May 13, 2021
Transducers - the existing transducer

A Transducer is a device that is installed below the waterline that provides underwater data to a display at the helm. This data is usually in the form of depth and speed – but in more advanced systems can also provide sonar, fish-finding and side or forward views.

An installation, upgrade or replacement can trigger the need to make an install – but I’ve noted that a replacement (especially to a larger or more sophisticated unit) tends to be the most daunting.

 



Transducersusing a reciprocating saw to remove the existing sleeve

Recently, I worked with a client who was upgrading to a new system on a 1980’s era Catalina, and was replacing a transducer with a 2” diameter through-hull to a 3” diameter through-hull. To compound the problem, the transducer had been leaking (very lightly) throughout the 2020 season. So, the job involved removing the existing 2” transducer, cleaning up the mounting location and determining the cause of the leak (and repairing, as necessary), enlarging the hole to accommodate the new 3” diameter transducer, and installing it.

Transducers

 

a view from inside the boat of the existing transducer

The existing transducer was a removable type – the data sending unit could be removed (and replaced with a plug), with a sleeve being the permanently installed portion. Access from inside the boat was cramped and restricted, and none of the existing components were going to be replaced. In this case, in the interest of ease and time, I removed the through-hull sleeve by cutting in with a reciprocating saw and using a mallet to slide it out.

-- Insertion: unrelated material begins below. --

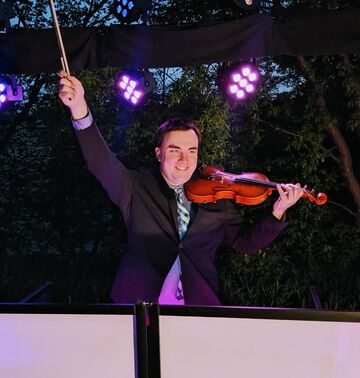 Nick Hyde DJ & Violin - DJ - Duluth, MN - Hero Main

Next, I cleaned the area: removing sealants, dirt, grime and excess material to allow the surface to be fresh and ideal for installing the new unit.

Because the diameter of the new transducer was larger than the original, the mounting hole had to be enlarged. I used a hole-saw to create a 3” diameter template out of white oak. I transferred the dimensions onto the hull, and used a Dremmel tool to cut out to the correct size. I checked the fit a number of times as the hole was being enlarged to ensure that just enough material was removed to accommodate the new unit.

Transducersthe original transducer removed

A dry fit is very important. Before using any sealants or making a mess, I fit the unit, and ensure that the backing plate was the correct thickness, and that the tightening nut fits and tightens appropriately. Finally, the orientation is important (which side faces the bow, or points to the keel) and can affect proper operation.

Transducers

 

 

 

 

 

enlarging the through-hill hole to accommodate the new, wider transducer

During the dry-fit, I applied tape to the outside of the hull, so that any sealant the is squeezed out while mounting the transducer won’t make a mess. The ideal finished product will be water-tight, sealed, and will have clean lines.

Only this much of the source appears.